SA : Oui, il y a de ça, c’est sûr. C’est assez étrange parce que dans Le Premier amour, par exemple, c’est limpide, tout le livre est dédié à Julie. C’est écrit sur la page de garde, c’est clair. La Première Défaite pour moi, c’est moins clair, mais l’on va rentrer dans des choses trop personnelles et pas vraiment intéressantes. Dans Le Premier amour, il y avait le désir que dans l’ensemble du projet, ce soit le livre sur l’amour. La Première défaite est le livre sur une forme de désespoir amoureux, sur la création d’un écrivain à travers ce sentiment-là. Il n’y en aura pas d’autre, donc. C’est un mélange de mon présent, du passé et d’œuvres qui ne sont pas à moi. J’essaye de concentrer tout ça, mais, dans l’un, Le Premier amour, il y avait cette possibilité de dire que je l’adresse très clairement à quelqu’un d’autre ; dans La Première défaite, non.

MF : On anticipe sur une des dernières questions.

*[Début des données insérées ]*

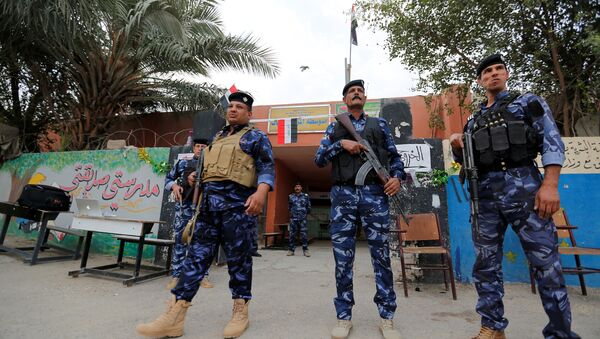 Fuerzas de seguridad de Irak cerca de un centro de votación - Sputnik Mundo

Dans La Première défaite, ce que le narrateur veut faire passer, c’est qu’il est possible de se sauver du désespoir par la fiction ?

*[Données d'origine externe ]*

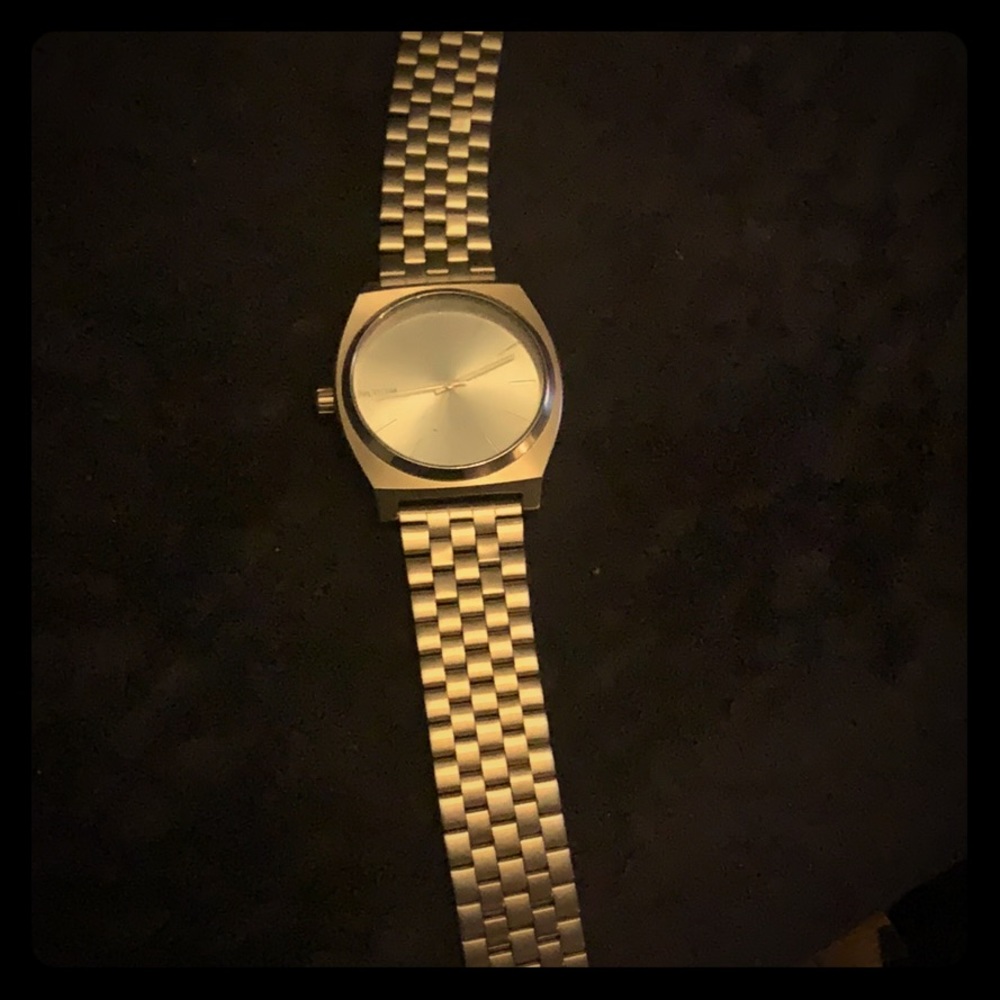 Nixon time teller watch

SA : Quand tu as commencé la question, je pensais que tu allais dire « par l’écriture ». Par la fiction, c’est compliqué. Est-ce que j’arrive à faire une vraie différence entre fiction et écriture ? Est-ce que j’ai envie que quelqu’un la fasse aussi dans la lecture ? Je ne suis pas sûr.

(A suivre...)



 

[1]« La Première défaite est le second chapitre de la quatrième partie d’un projet littéraire commencé il y a vingt ans. Ce projet, je l’ai nommé, pour moi-même, Le dernier texte. Il comporte six parties qui couvrent chacune six années de la vie du narrateur, l’auguste crapaud graphomane Santiago H. Amigorena. La première partie s’intitule Une Enfance laconique et se compose de deux chapitres, Le Premier cauchemar, qui raconte ce que fut la vie du narrateur jusqu’à une certaine nuit de l’été 1963 où, à l’âge de dis-moi, l’obscurité commença de lui faire peur, et La Première lettre, qui s’achève en 1968, lorsque le narrateur, muet de naissance et plus, apprend enfin à écrire et envoie sa première lettre à sa jeune tante partie vivre à Londres. De la deuxième partie, Une Jeunesse aphone, n’a été publié, pour l’instant, que le second chapitre, intitulé Les premiers arrangements. Il révèle la manière dont le narrateur, en 1973, découvrit la politique et sa plus noble possibilité : l’amitié. L’écriture du premier chapitre de cette deuxième partie, Le Premier exil, n’est pas encore achevée. Une Adolescence taciturne, troisième partie du projet, couvre les six années suivantes. Seul le premier chapitre, Le Second exil, a été publié. On y découvre, principalement, l’une des deux douleurs aiguës autres que dentaires les plus déchirantes endurées par le narrateur : celle d’avoir été arraché à sa terre d’Uruguay – terre non pas natale, mais devenue pour lui naturelle – afin d’être livré, sans espoir de retour, aux limbes glaciales de l’hémisphère boréal. Le second chapitre, qui conduit le narrateur jusqu’en 1978, aura pour titre Les Premiers textes. La quatrième partie, Une Maturité coite, comporte également deux chapitres : Le Premier amour, et celui qui nous occupe à présent, La Première défaite. Le Premier silence et L’Autre silence seront respectivement le premier et le second chapitre d’Une Vieillesse discrète, cinquième partie du projet. Enfin – et ouf ! oserai-je dire et observer –, la sixième partie, pour des raisons qu’il me semble prématuré d’expliquer ici, aura pour titre La Septième partie. Un certain nombre d’annexes, 1978, 2003, 2086, 1983, 2008, 1780, 2005, 2011, écrites sur des modes mineurs, sont également au programme. » (Avant-propos à La Première défaite, 2012).

[2] Santiago Amigora, La Première défaite, Paris, P.O.L., 2012, p. 604-607.